Interessenbekundungs- und Verhandlungsverfahren mit Teilnahmewettbewerb zur entgeltlichen Überlassung einer passiven Breitbandinfrastruktur im Kreis Groß-Gerau (Vergabe einer Dienstleistungskonzession)
a) Zusammenfassende Projektskizzierung
Der im südlichen Rhein-Main-Gebiet in Hessen gelegene Kreis Groß-Gerau hat die zu 100% in seinem Besitz stehende Breitband Kreis Groß-Gerau GmbH (öffentlicher Auftraggeber) mit der Aufgabe betraut, eine flächendeckende passive Breitbandinfrastruktur auf Glasfaserbasis (nachfolgend NGA-Netz) zu errichten. Ziel dieser Maßnahme ist es, die im Kreisgebiet gelegenen Kabelverzweiger (KVz) über ein NGA-Netz zu verbinden, um Privathaushalte und Gewerbebetriebe im Ausbaugebiet nachhaltig mit leistungsstarken Breitbandanschlüssen zu versorgen.
Nach erfolgter Fertigstellung der jeweiligen Teilabschnitte der passiven, im Eigentum der öffentlichen Hand verbleibenden Breitbandinfrastruktur soll diese gegen Zahlung von Pacht für die Dauer von insgesamt 20 Jahren an ein privates Unternehmen im Wege der Vergabe einer Dienstleistungskonzession überlassen werden. Der jeweilige private Netzbetreiber erhält hierbei das Recht bzw. übernimmt die Verpflichtung, die passive ("unbeleuchtete") Breitbandinfrastruktur durch Installation aktiver Komponenten in Betrieb zu nehmen und gegenüber den örtlichen Endkunden sowie interessierten Drittanbietern entsprechende Dienstleistungen und Angebote (Telefonie, Internet-Zugang sowie Mehrwertdienste (z.B. IP-TV)) zu marktüblichen Konditionen zu erbringen. Ihm fällt zudem die Aufgabe der Wartung und Unterhaltung der Breitbandinfrastruktur zu. Die Einzelheiten der Überlassung der passiven Breitbandinfrastruktur werden in einem abzuschließenden Netzbetriebsvertrag geregelt werden.

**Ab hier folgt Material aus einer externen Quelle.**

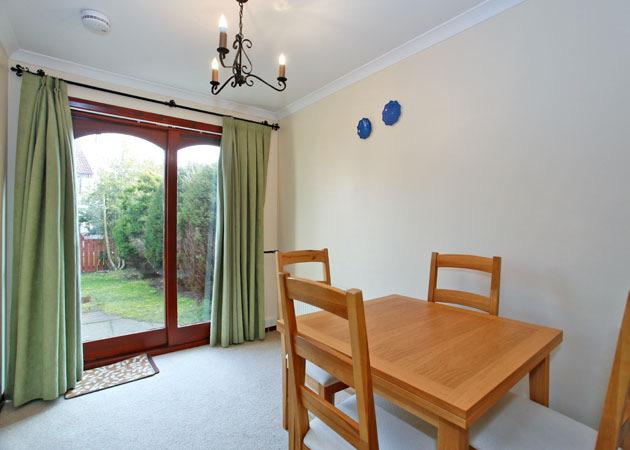 Light fitment, fitted blinds and curtains, fitted carpet, under stair storage cupboard, door to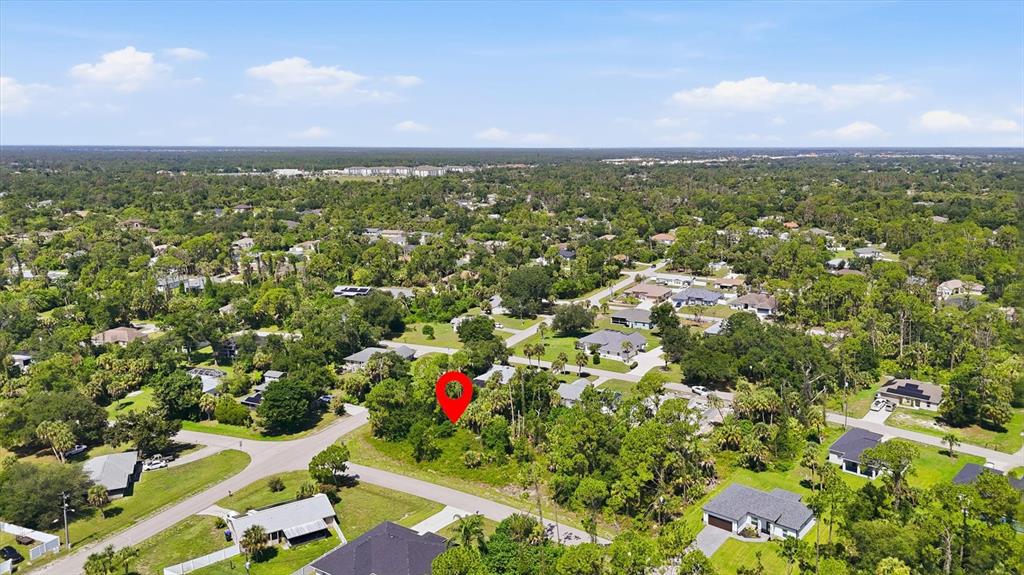 An aerial view shows a vacant, tree-covered residential lot marked with a red location pin — EASTER TERRACE, NORTH PORT, FL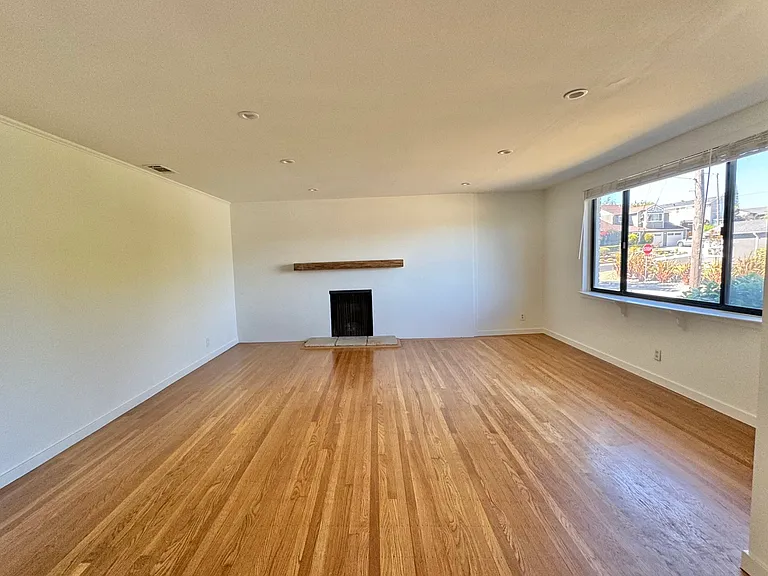 Large living room with gas fireplace and mantel.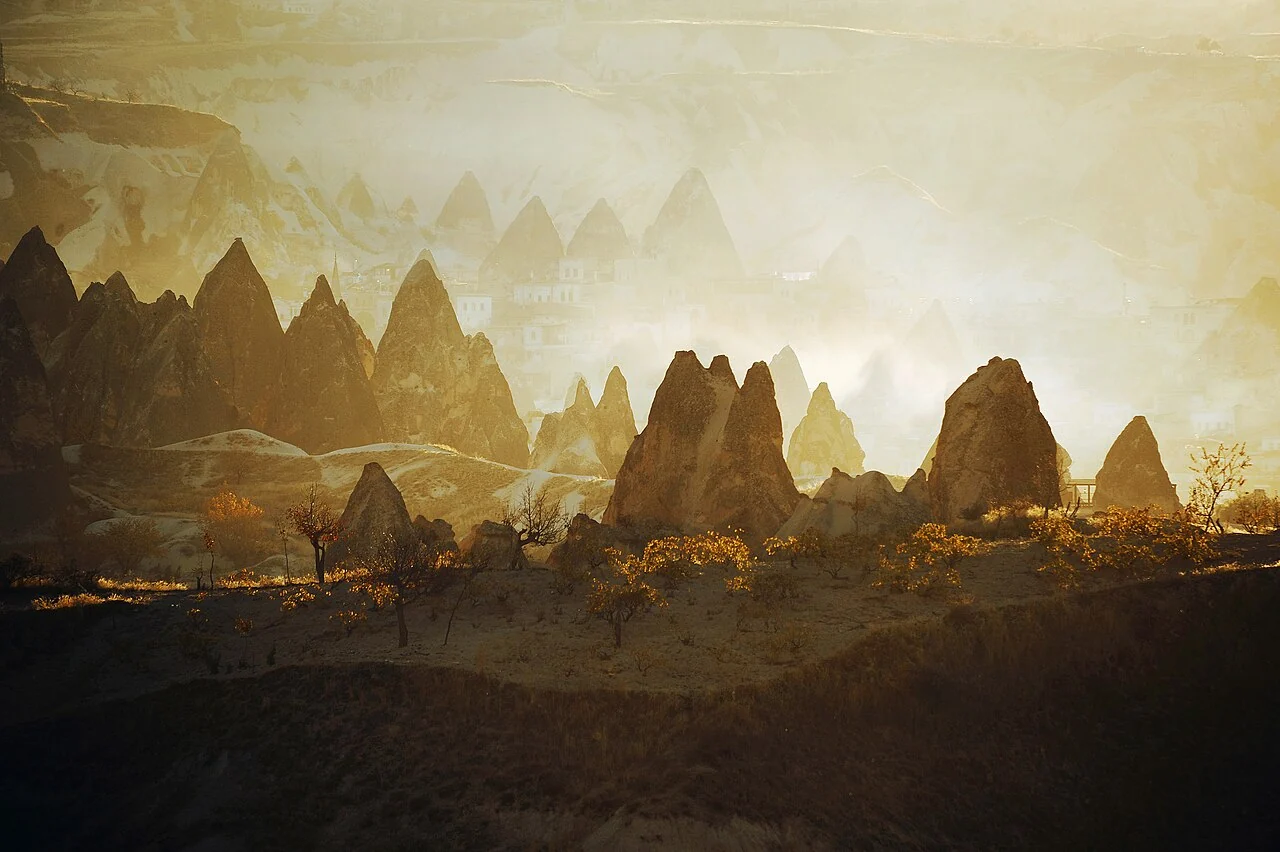 Golden sunset light and haze around fairy chimneys in Göreme Valley, Cappadocia.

Mit dem gegenständlichen Interessenbekundungsverfahren beabsichtigt der öffentliche Auftraggeber nunmehr das Marktversagen letztmalig zu bestätigen und einen geeigneten Bieter zu ermitteln, der diese Nutzungskonzession erhalten und die vorgenannten Leistungen und Dienste erbringen wird. Dabei werden die Vorgaben der sog. Bundesrahmenregelung Leerrohre Berücksichtigung finden (vgl. Ziff. III.1.4).

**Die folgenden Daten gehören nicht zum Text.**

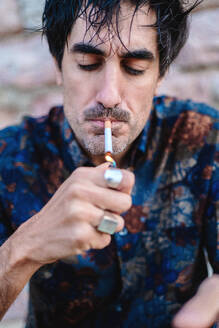 Close-up shot of a man lighting a cigarette, focusing on the lit match and his act of smoking - ADSF53832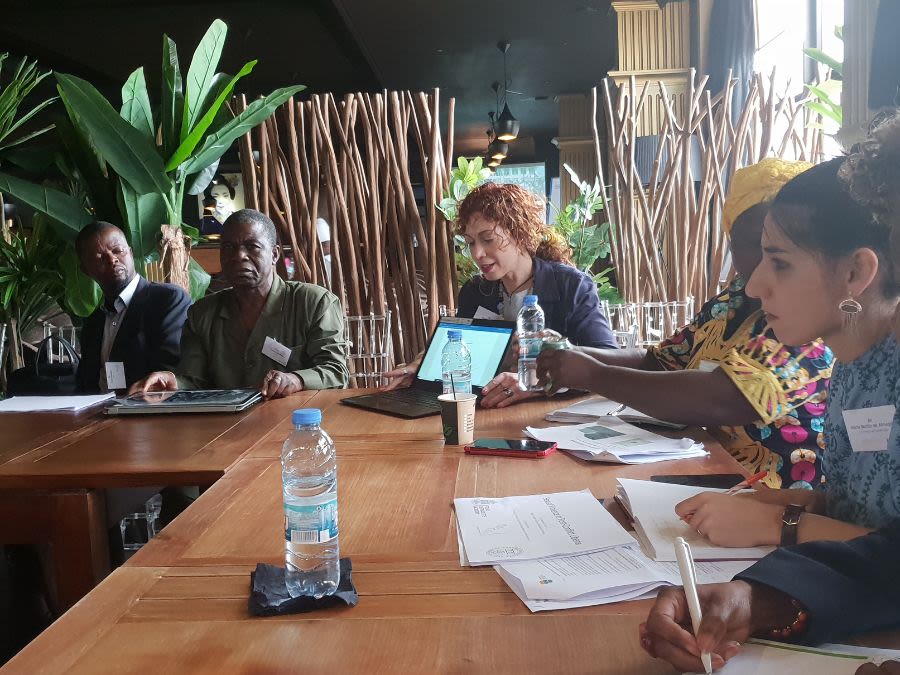 Ismene Gizelis showing her laptop screen whilst sitting at table with group of people in Africa.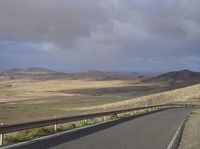 a road with an empty section below the mountain and clouds overhead above it in the distance,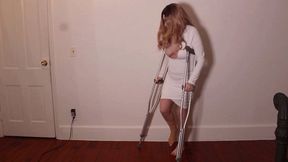 M - Sprained ankle walking with crutches wrapped bandaged foot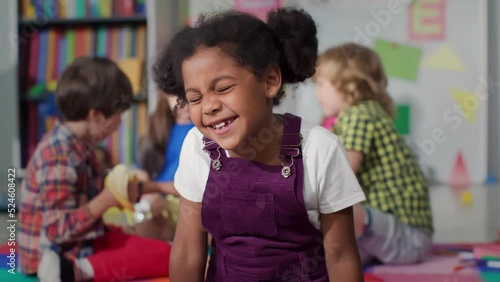 Close up portrait of smiling little African-American girl looking at camera at primary school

b) Gegenwärtige Bedarfs- und Versorgungssituation
Gezielte Analysen sowie im Rahmen öffentlicher Veranstaltungen durchgeführte Befragungen haben als Ergebnis hervorgebracht, dass sowohl die privaten als auch die gewerblichen Nutzer einen hohen Bedarf an schnellen Breitbandanschlüssen haben. Hinsichtlich der Privathaushalte ist gegenwärtig von einem Bedarf von mindestens 25 MBit/s im Downstream auszugehen. Die ansässigen Gewerbetreibenden haben einen aktuellen Mindestbedarf von 50 MBit/s angemeldet. Beide Bedarfsgruppen ließen erkennen, dass zukünftig noch darüber hinausgehende Bandbreiten nachgefragt werden und somit im Regelfall 50 MBit/s im Interesse eines nachhaltigen Infrastrukturausbaus verfügbar sein müssen.

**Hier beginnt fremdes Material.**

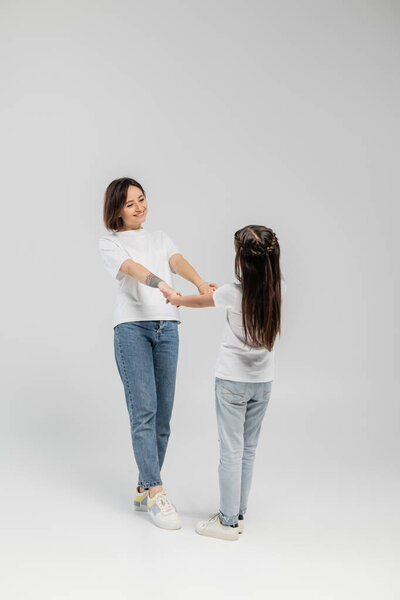 full length of happy mother with tattoo on hand and short hair holding hands with preteen daughter while standing together in white t-shirts and blue denim jeans on grey background 
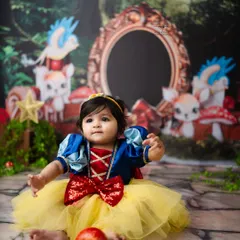 A perfect portrait of a sitting Snow White, holding a bright red apple. The details in her costume and the magical forest backdrop make this photo truly special.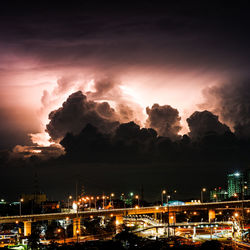 Illuminated city against sky at night during thunderstorm 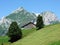 Rural traditional architecture and livestock farms on the slopes of the Alviergruppe mountain range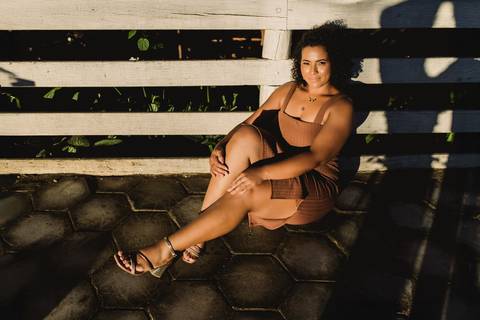 Neide sentada em um banco durante ensaio feminino, com luz e sombras criando uma composição mais marcante.'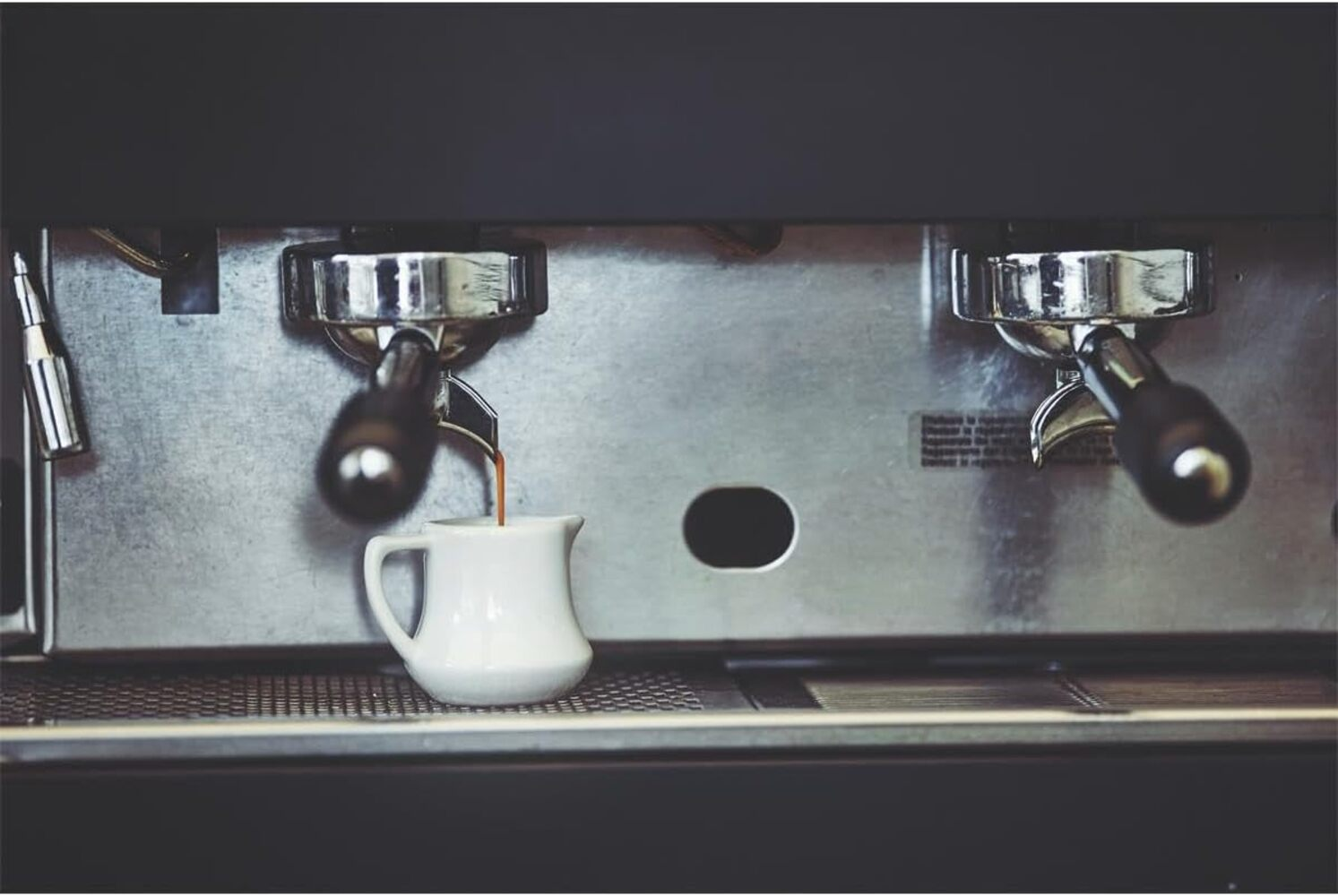 Una máquina de espresso vierte café en una pequeña jarra blanca sobre la bandeja.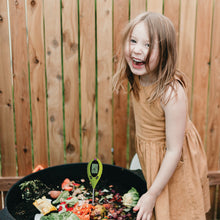 a pH tester in a compost bin filled with organic materials.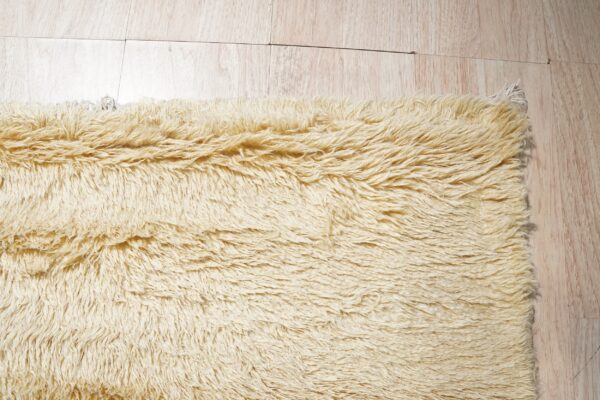 The edge of a pale yellow, long-pile shag rug rests on light blonde wood planks.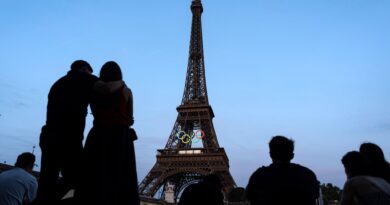 Paris-Touristen vor dem mit den olympischen Ringen geschmückten Eiffelturm.
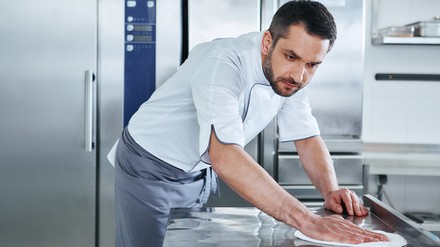 Mann putzt die Gastronomie-Küche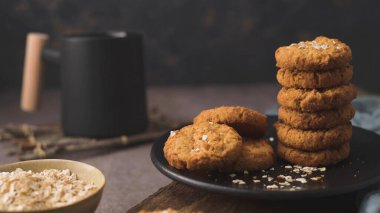 Homemade oatmeal raisin cookies with cup of cappuccino on rustic background.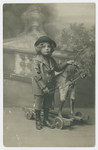 Studio portrait of Mietek Juress as a young boy posing with a hobby horse.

Insbesondere für die im Kreisgebiet angesiedelten Unternehmen stellt sich die Verfügbarkeit von breitbandigen Internetanschlüssen zunehmend als unverzichtbare Infrastrukturvoraussetzung sowie als harter Standortfaktor in einem europaweiten bzw. weltumspannenden Wettbewerbsumfeld dar. Die privaten Haushalte erhoffen sich von einer breitbandigen Internetversorgung neuartige Unterhaltungs- und Freizeitangebote sowie insbesondere auch Bildungs- und Arbeitsmöglichkeiten, die aufgrund der gegenwärtigen Unterversorgung derzeit nicht gegeben sind.
Ein durchgeführtes öffentliches Markterkundungsverfahren und gezielte Anfragen bei den in Frage kommenden Telekommunikationsanbietern haben als Ergebnis hervorgebracht, dass diese kein Interesse daran haben, im hier beschriebenen Ausbaugebiet in den kommenden drei Jahren einen flächendeckenden Ausbau mit NGA-Breitbandanschlüssen zu realisieren. Definitive Beschlüsse über konkrete Erschließungsplanungen im vorgenannten Zeitraum sind dem öffentlichen Auftraggeber trotz entsprechender Anfragen nicht bekannt gemacht worden. Regelmäßig wurde darauf verwiesen, dass bezogen auf die umfassten Gemeinden keine Ausbaupläne vorlägen.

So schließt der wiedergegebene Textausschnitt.